The Pope gave this warning Saturday when he received in audience the judges and lawyers of the Roman Rota, the Church's central appellate court.
The greatest number of appeals are petitions for the declaration of nullity of the marriage. The Catholic Church, while holding that marriage is indissoluble and therefore excluding the possibility of divorce, recognizes that in certain situations the celebration of a marriage is invalid. Such cases include weddings that took place under threats.
In his address, the Holy Father spoke about the "moral dimension" of all those involved in the ecclesiastical juridical processes, which as in the case of civil ones, might be influenced by "individual or collective interests," inducing "the parties to take recourse to forms of falsehood or even corruption."

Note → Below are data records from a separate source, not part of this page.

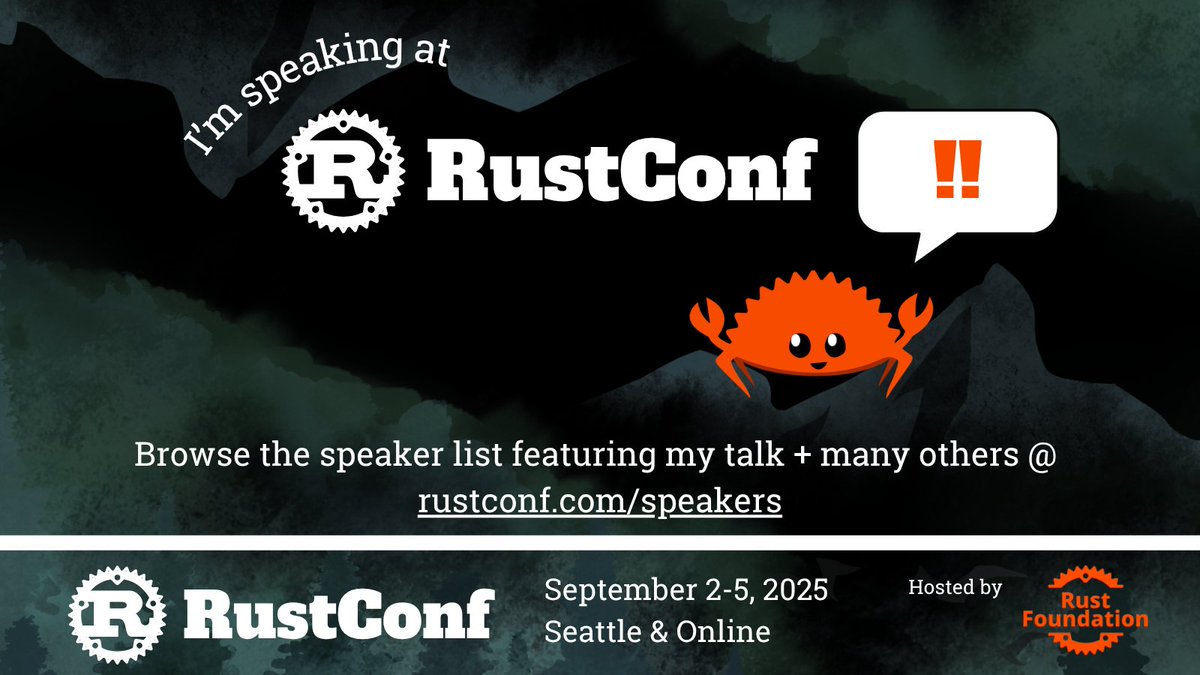 danologue's tweet image. Will be speaking at @rustconf this year about Hyperlight together w/ one of my co-workers, Ludvig Liljenberg! We'll be going over how Rust helped shape the design of the codebase, and how we ported it from C# to 100% Rust. Come say hi if you’re attending!
#rustlang #hyperlight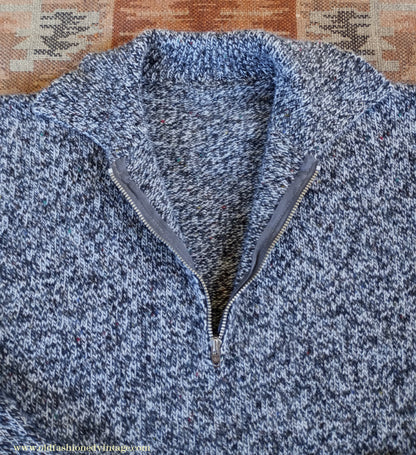Old Fashioned Garments Vintage Reproduction 1940s Mens Zip Neck Jumper Polo Collar Sweater Lumberjacket Medium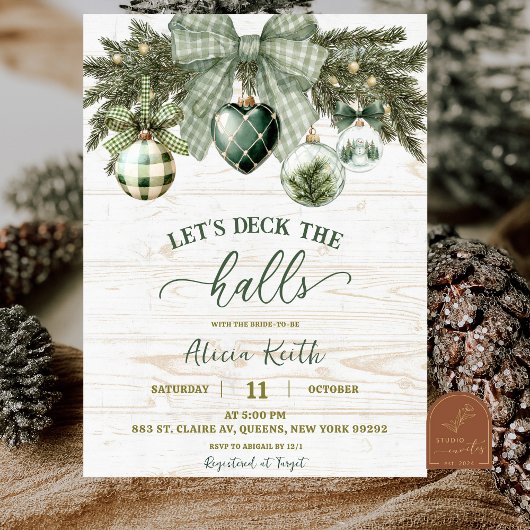 Invitation Sage Green Coquette Rustic Winter Bridal Shower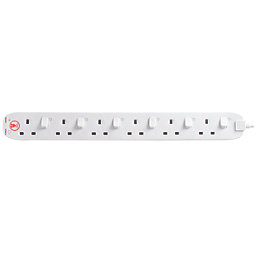 Masterplug 13A 6-Gang Switched Surge-Protected Extension Lead  1m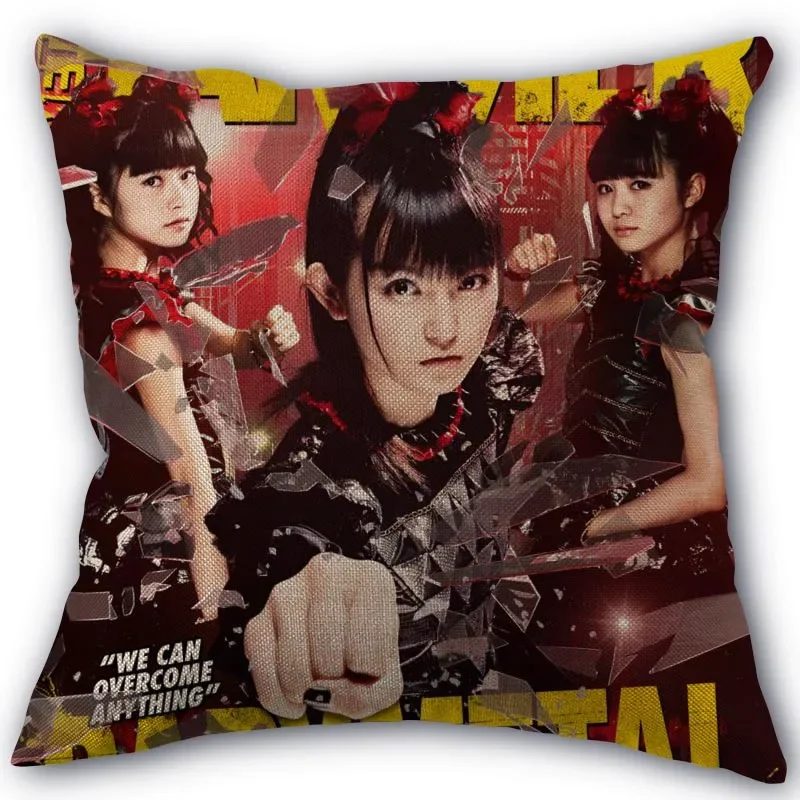 Nice Babymetal Pillowcase Cotton Linen Fabric Square Zipper Pillowcase 45X45cm Wedding Decorative Pillow Cover 11-17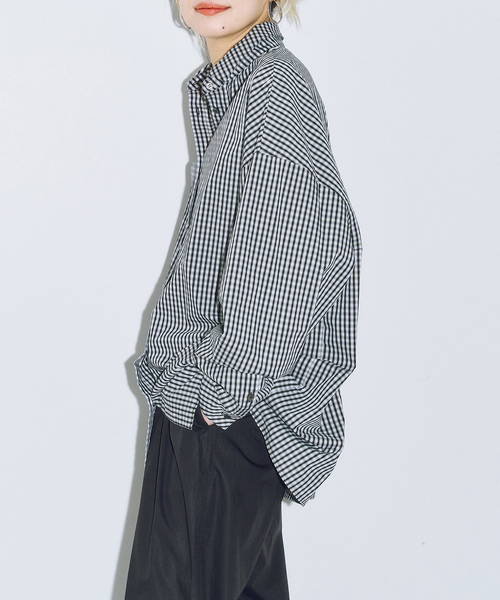 CITYSHOP（シティーショップ）の「GINGHAM CHECK シャツ（シャツ/ブラウス・レディース・ブラック・38/36）」の3枚目の写真
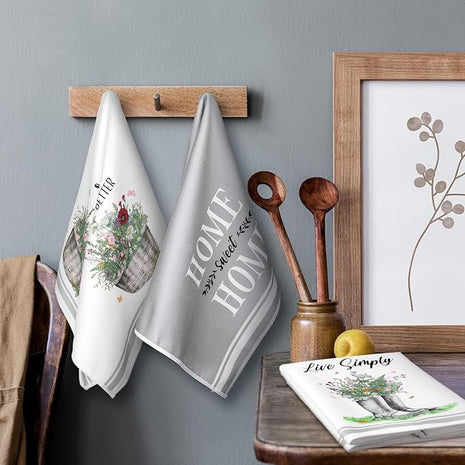 Boyiee Set of 6 Floral Kitchen Towels Wildflower Dish Towels Butterfly Truck Tea Towels 24 x 16 Inches Absorbent Hand Towels Flower Lover Housewarming Gifts for Farmhouse Kitchen Bathroom Decorations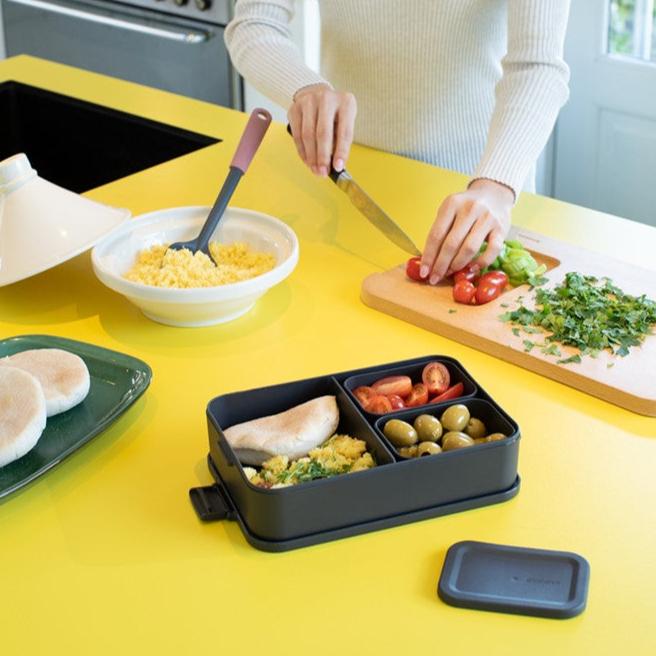 2L Dark Grey Make & Take Lunch Box Bento - Perfect for Office, School & Picnics | Insulated Food Container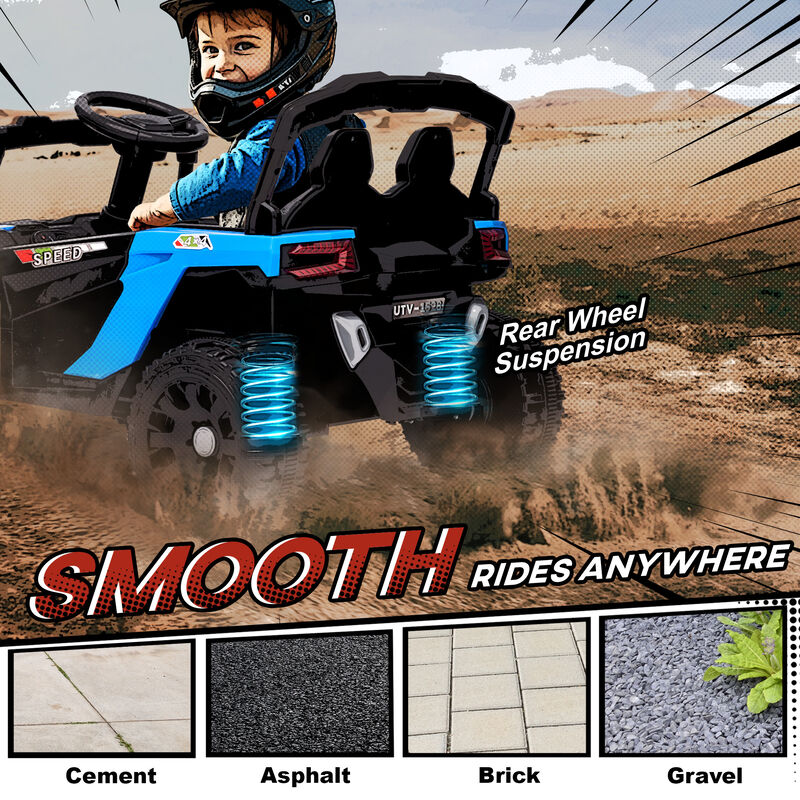BreeBe 12V Kids Ride On Truck, Battery Powered Electric UTV Vehicle with Rear Suspension, Remote Control image number 7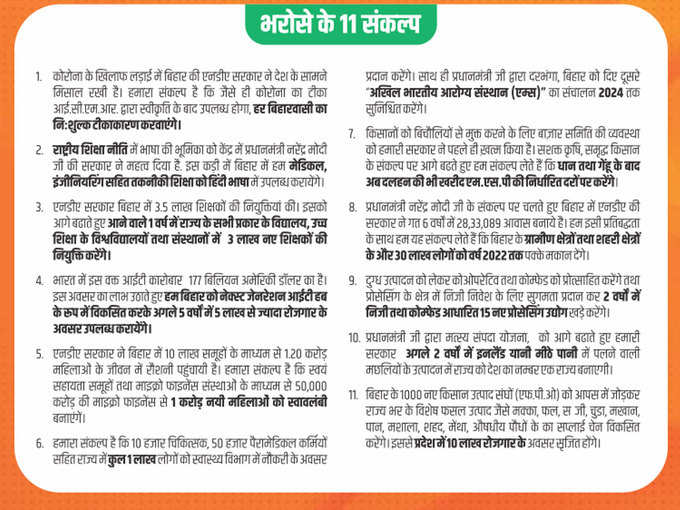 Bjp Ghoshna Patra 2020 Bihar Chunav Bjp Manifesto For Bihar Election Released ब ह र ब ज प घ षण पत र 2020 ब ह र क हर शख स क म फ त म लग ग क र न क ट क घ षण पत र म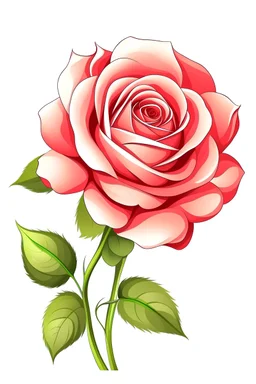 art for one Rose , white background,, cartoon style, no shadows.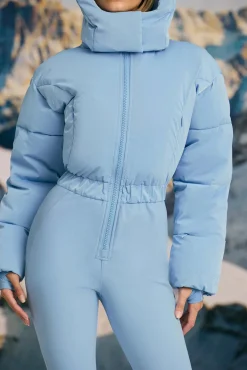 Oh Polly Coats^Fleece-Lined Hooded Ski Suit in Ice Blue IceBlue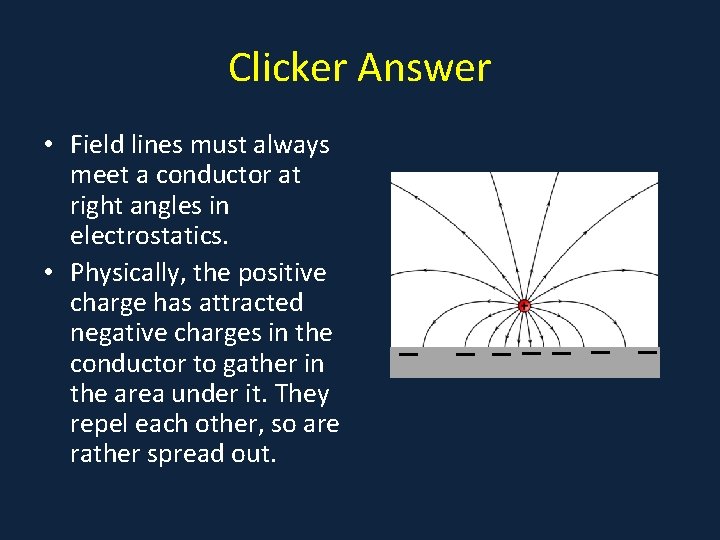 Clicker Answer • Field lines must always meet a conductor at right angles in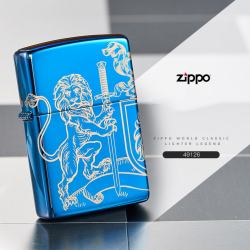Bật Lửa Zippo Xanh Dương Khắc Biểu Tượng Sư Tử Trung Cổ - Mã SP: ZPC3090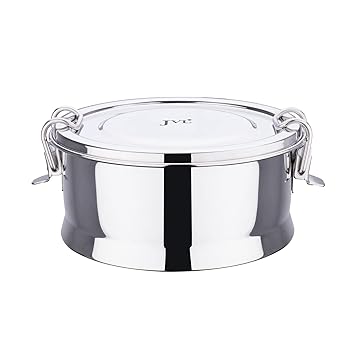 Stainless Steel Lunch Box For Kids, Single One Layer Leakproof Tiffin Box For School And Office Use With Inner Plate - Round - Small Size, 500 milliliter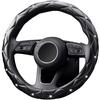 YOGURTCK Diamond Soft Leather Anti-Slip Steering Wheel Cover With Bling Bling Crystal Rhinestones, Universal 15 Inch For Women Girls, Fit Vehicles,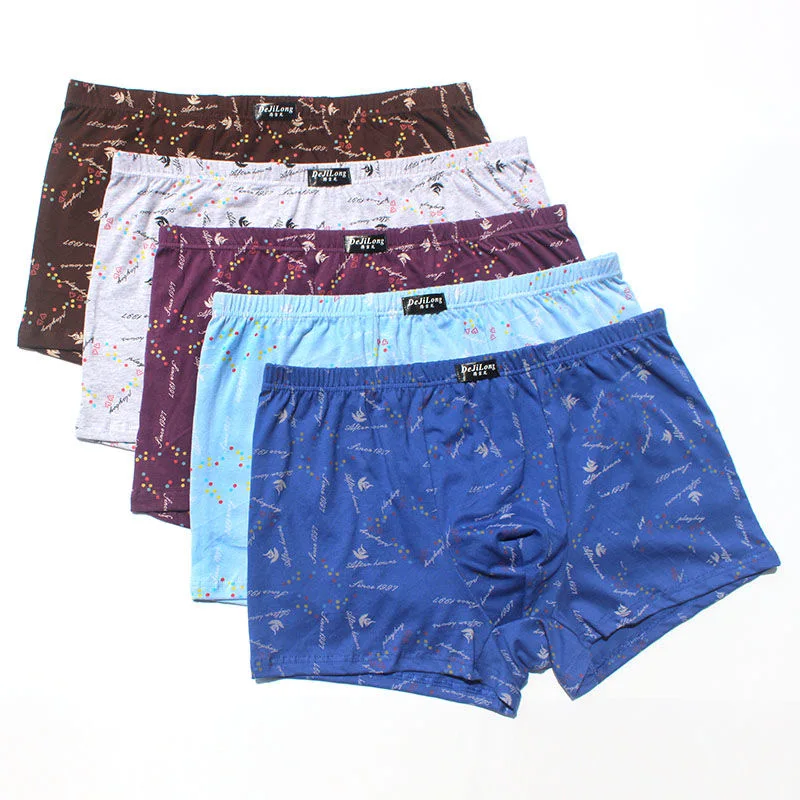 6pcs/Lot 100% Cotton Loose Boxers Four Shorts Underpants Men\'S Boxers Shorts Breathable Underwear Printing Comfortable Cotton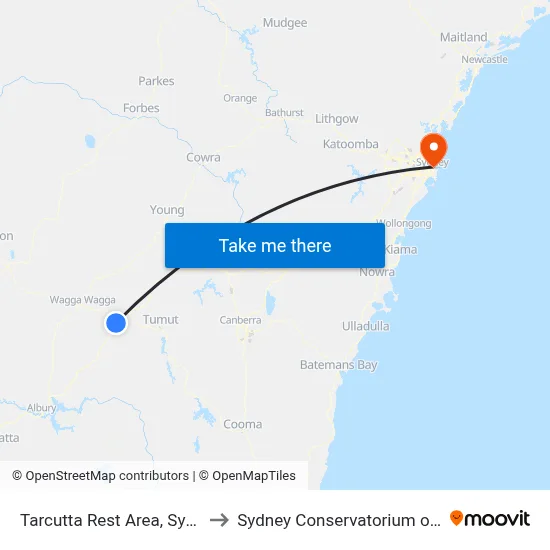 Tarcutta Rest Area, Sydney St to Sydney Conservatorium of Music map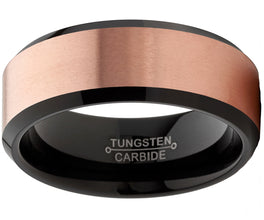 Men's Tungsten Carbide Black and RoseTone Brushed Wedding Band Engagement Ring, Comfort Fit 8mm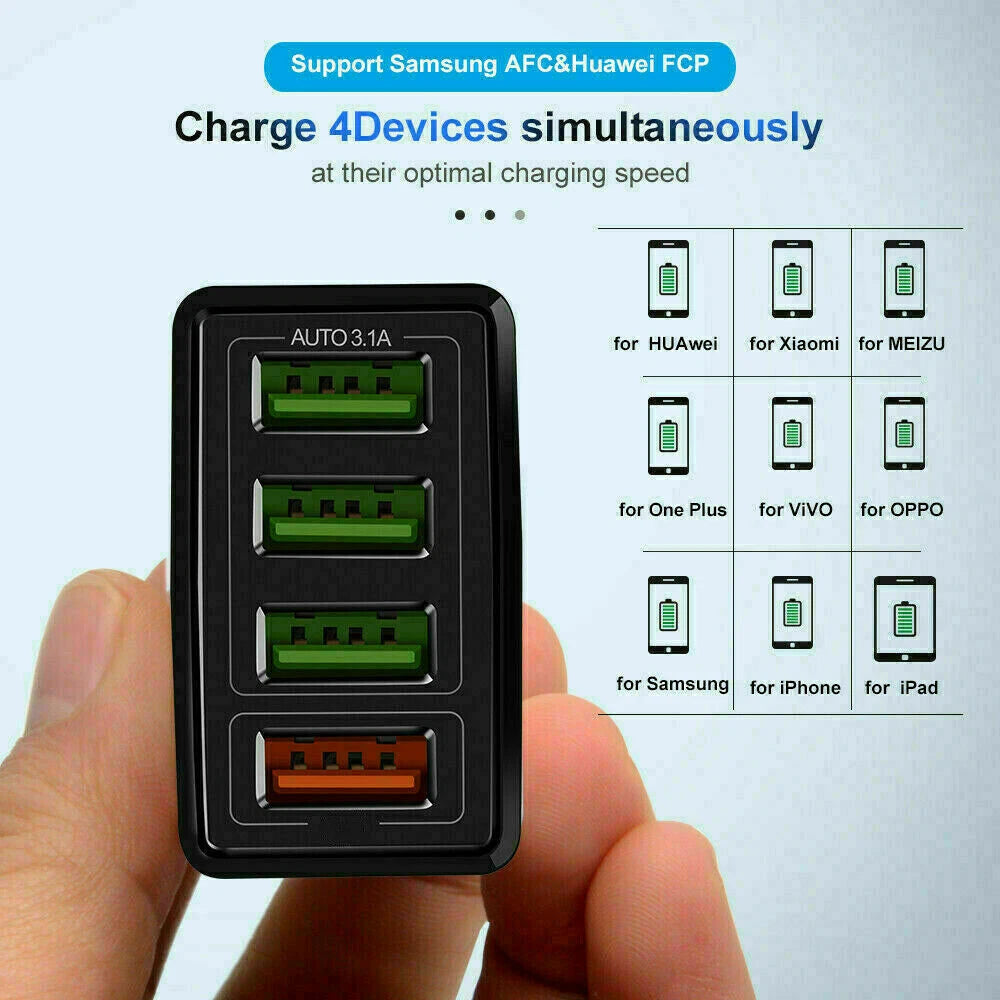 US 4 Port Fast Quick Charge QC 3.0 USB Hub Wall Home Charger Power Adapter Lot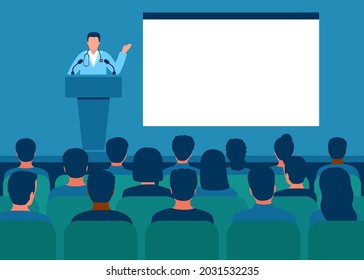 Doctor giving speech on conference, medicine seminar from tribune with microphone for audience. Medicine healthcare. People group on conference meeting, presentation of medical science in hall. Vector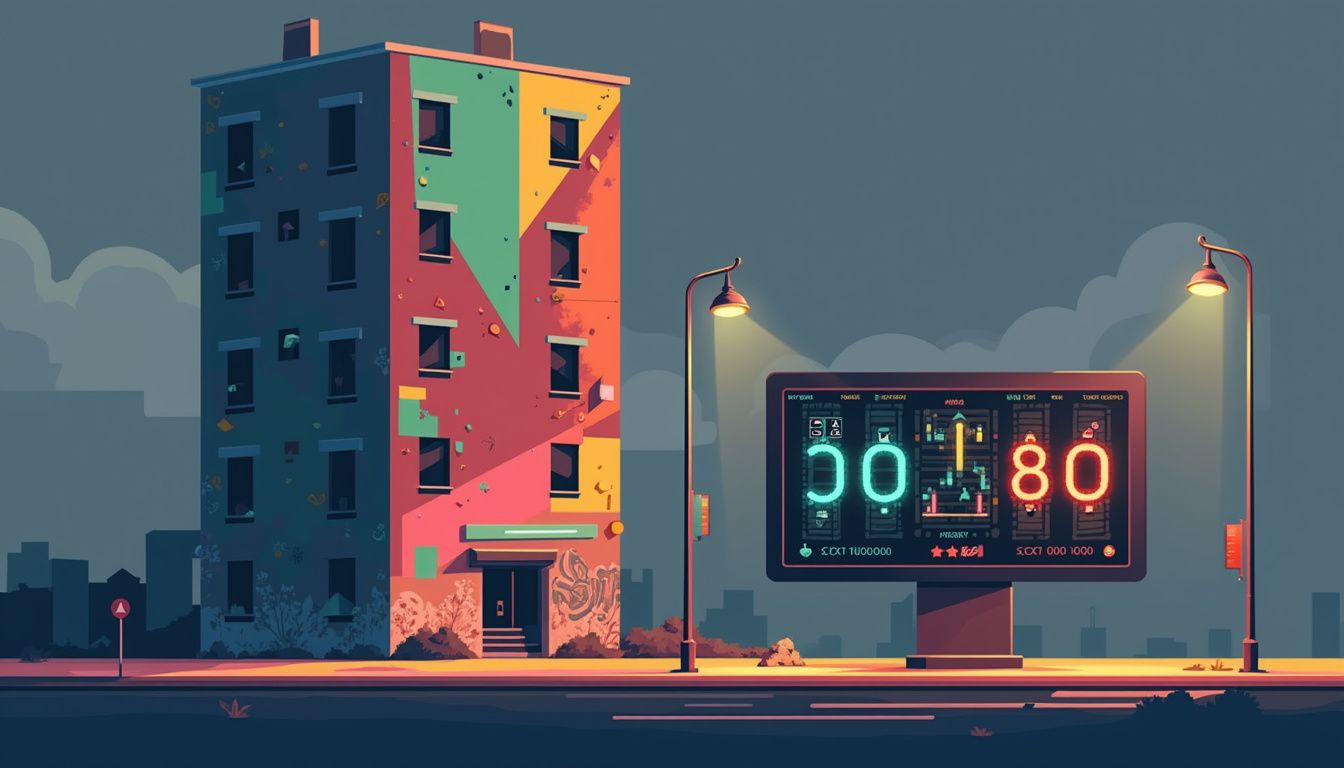 Minimalist urban decay scene with vibrant Forex signals and graffiti.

Such pressures might be aimed to obtaining "a favorable decision," namely, that the ecclesiastical courts declare the nullity of the marriage, the Pope said.
"From this risk, not even canonical processes are exempt, in which an effort is made to know the truth about the existence or nonexistence of a marriage," he noted.
"In the name of alleged pastoral needs, voices have been raised to propose that unions that have totally failed be declared invalid. To obtain this result it is suggested that recourse be taken to the expedient of maintaining the procedural appearances," the Holy Father said.
These proposals or pressures, he stressed, are against "the most elementary principles of the normative and magisterium of the Church."
John Paul II in particular addressed the bishops who name the ecclesiastical judges, and the judges themselves, to remind them that "the deontology of the judge has its inspirational criteria in the love of truth."
"Therefore, he must be convinced first of all that the truth exists," the Pope said. "One must resist fear of the truth, which at times might stem from fear of wounding persons. The truth, which is Christ himself, frees us from all forms of compromise with prejudiced lies."